Faenza (fa˙-en´za), an episcopal city of N. Italy, in the province of and 19 miles south-west of Ravenna. It is supposed to have been the first Italian city in which the earthenware called faience (q.v.) was introduced. The manufacture still flourishes here, and there is also a considerable trade in spinning and weaving silk. Pop. (commune), 40,164.

Fagaceæ, a nat. ord. of apetalous Dicotyledons, all trees and shrubs, mostly natives of temperate regions. It includes the beeches and oaks, and the sweet chestnut (Castanea).

Fagging, a custom which formerly prevailed generally at most of the English schools, and is still practised at Eton, Winchester, Harrow, Rugby, and one or two other places. It consists in making the junior boys act as servants or 'fags' in the performance of multifarious menial offices for elder boys, such as carrying messages or preparing breakfast for their master, in return for which the elder boy accepts a certain responsibility for keeping order, and becomes the recognized adviser and protector of his 'fags'.

Faggot-vote, a term formerly applied in Britain to a vote procured by the purchase of property so as to constitute a nominal qualification without a substantial basis. Faggot-votes were chiefly used in county elections for members of Parliament. The way in which they were usually manufactured was by the purchase of a property which was divided into as many lots as would constitute separate votes, and given to different persons, who need not be resident members of the constituency. The practice disappeared after the Reform Act of 1884.

Faguet, Émile, French literary historian, critic, and journalist, born at La Roche-sur-Yon in 1847, died in 1916. He became professor of poetry at the Sorbonne in 1897. Endowed with a keen power of analysis and a wealth of original ideas, he was one of the most brilliant French critics of the nineteenth century. Whilst praising the literature of the seventeenth century, Faguet somewhat depreciated the writers of the eighteenth century. Among his numerous works are: Le théâtre contemporain (1880-91), Dix-huitième siècle (1890), Seizième siècle (1893), Drame ancien et drame moderne (1898), Histoire de la littérature française (1900), Propos littéraires (1902), Initiation into Literature, and Initiation into Philosophy.

Fagus. See Beech.

Fahlerz (fäl´erts), or grey copper ore, is of a steel-grey or iron-black colour. It occurs crystallized in the form of the tetrahedron, also massive and disseminated. Its fracture is uneven or imperfectly conchoidal. Specific gravity, 4.5-5.1. Tetrahedrite, the typical species, is composed of copper, sulphur, and antimony. Part of the copper is often replaced by iron, zinc, silver, or mercury, and part of the antimony by arsenic.

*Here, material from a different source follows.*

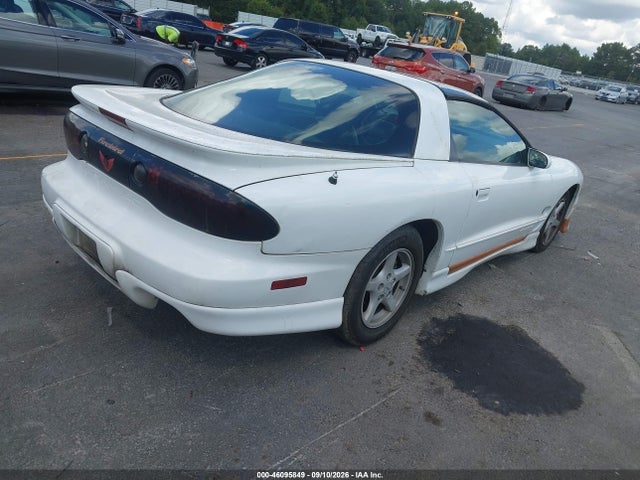 2002 Pontiac Firebird მანქანა იყიდება აუქციონზე, vin: 2G2FS22K522165238, აუქციონის ნომერი: 46095849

Fahlunite, a mineral of a greenish colour occurring in six-sided prisms. It is a pseudomorph after iolite, and consists mainly of hydrous aluminium silicate. It takes its name from Fahlun in Sweden.

Fahrenheit (fä´rėn-hīt), Gabriel Daniel, German physicist, known for his arrangement of the thermometer, was born at Danzig in 1686, died in 1736. Abandoning the commercial profession for which he had been designed, he settled in Holland to study natural philosophy. In 1720 he effected a great improvement by the use of quicksilver instead of spirits of wine in thermometers. He invented the Fahrenheit scale (see Thermometer), and made several valuable discoveries in physics. He was elected a fellow of the Royal Society of London in 1724.

Faidherbe (fā-derb), Louis Léon César, a French general, born in 1818, died in 1889. He entered the army in 1840, served in Africa and the West Indies, was appointed Governor of Senegal in 1854, and afterwards of a district in Algiers from 1867 to 1870. After the fall of Napoleon III, he was summoned by the Government of the National Defence to France and appointed commander of the army of the north. He fought some bloody but indecisive battles with the Germans under Manteuffel and Goeben. After the war he was elected to the Assembly by Lille, his native place, but on the triumph of Thiers retired from politics to private life. He wrote Épigraphie Phénicienne, and valuable monographs on Senegal, the Sudan, and other parts of Africa.